I've been working with Machine Learning models both in academic and industrial settings for a few years now. I've recently been watching the excellent Scalable ML from Mikio Braun, this is to learn some more about Scala and Spark.
His video series talks about the practicalities of 'big data' and so made me think what I wish I knew earlier about Machine Learning
- Getting models into production is a lot more than just micro services
- Feature selection and feature extraction are really hard to learn from a book
- The evaluation phase is really important
Getting models into production is a lot more than just micro services
I gave a talk on Data-Products and getting Ordinary Differential Equations into production. One thing that I didn't realize until sometime afterwards was just how challenging it is to handle issues like model decay, evaluation of models in production, dev-ops etc all by yourself. This depends on the resources you have and there are platforms available to accelerate this time to value. As we all know from engineering - getting stuff from Research and Development to reliable and scalable production code is a huge challenge.
Some things I've learned is that iterating, and focusing on business outcomes are the important things - and I'm keen to learn a lot more about deploying models.

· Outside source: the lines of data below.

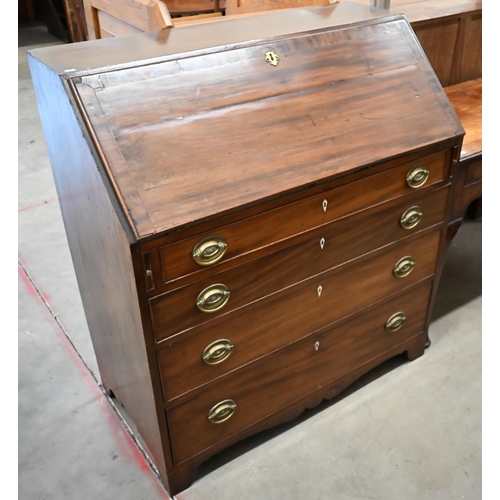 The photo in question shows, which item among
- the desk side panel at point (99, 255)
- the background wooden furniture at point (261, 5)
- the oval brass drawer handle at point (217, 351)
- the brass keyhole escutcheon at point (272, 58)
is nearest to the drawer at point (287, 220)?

Feature selection and feature extraction are really hard to learn
Something that I couldn't learn from a book, but tried to is feature selection and extraction. These skills are only learned by Kaggle competitions and real world projects. And learning about the various tricks and methods for this is something one learns only by implementing them or using them in real-world projects. This eats up a lot of the work flow of the data science process. In the new year I'll probably try to write out a blog post only on feature extraction and feature selection.

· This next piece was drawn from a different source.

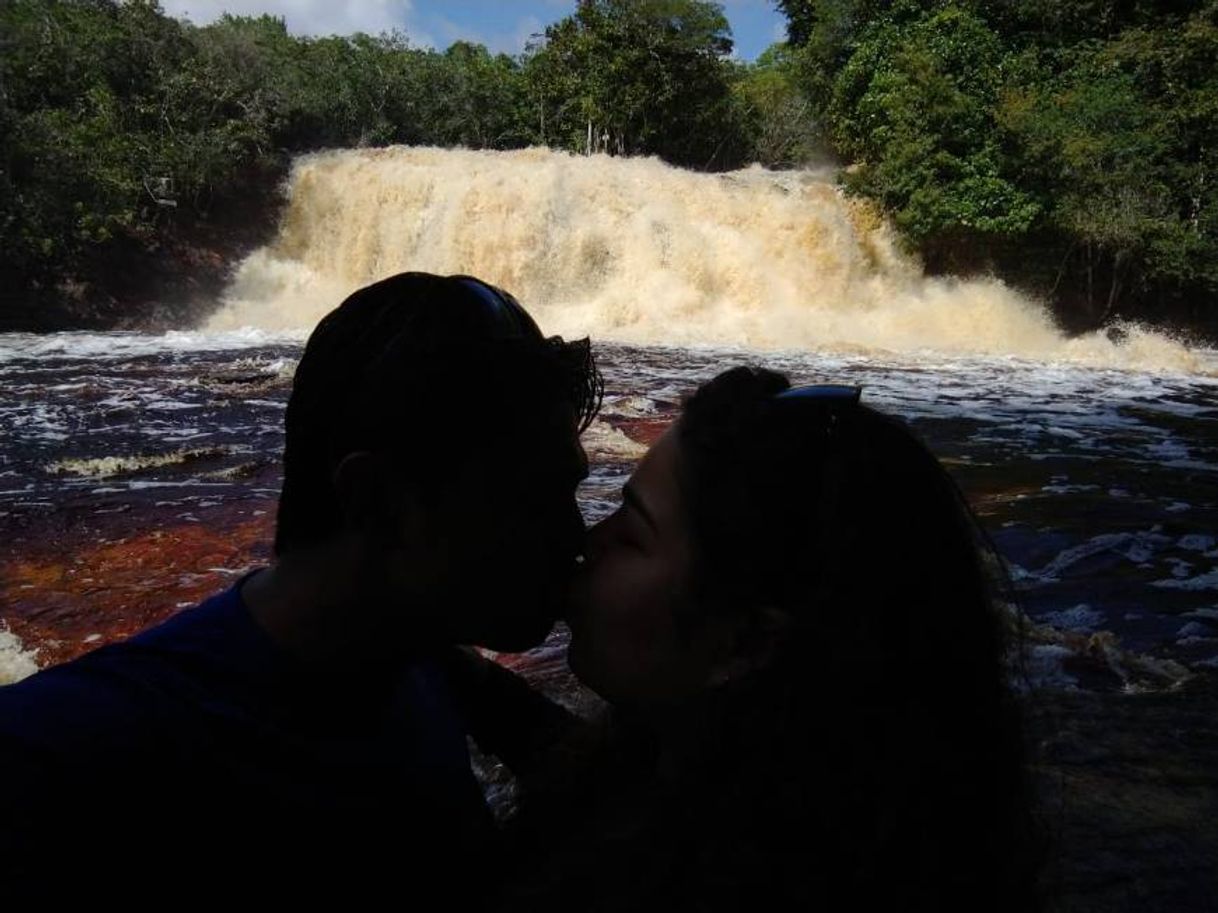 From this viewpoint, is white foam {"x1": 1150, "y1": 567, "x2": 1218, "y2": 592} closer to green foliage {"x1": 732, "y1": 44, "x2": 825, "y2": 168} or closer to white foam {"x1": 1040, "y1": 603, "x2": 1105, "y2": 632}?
white foam {"x1": 1040, "y1": 603, "x2": 1105, "y2": 632}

The evaluation phase is really important
Unless you apply your models to test data - you're not doing predictive analytics. Evaluation techniques such as cross-validation, evaluation metrics, etc are all invaluable as is simply splitting your data into test data and training data. Life often doesn't hand you a dataset with these things defined, so there is a lot of creativity and empathy involved in defining these two sets on a real world dataset. There is a great set of posts on Dato about the challenges of model evaluation.
I think the explanations by Mikio Braun are worth a read. I love his diagrams too and include it here in case you're not familiar with training sets and testing sets.
Source: Mikio Braun 2015
Often we don't discuss evaluation of models in papers, conferences or even when we talk about what techniques we use to solve problems. 'We used SVM on that' doesn't really tell me anything. It doesn't tell me your data sources, your feature selection, your evaluation methods, how you got into production and how you used cross-validation or model-debugging. I think we need a lot more commentary about these 'dirty' aspects of machine learning. And I wish I knew that a lot earlier.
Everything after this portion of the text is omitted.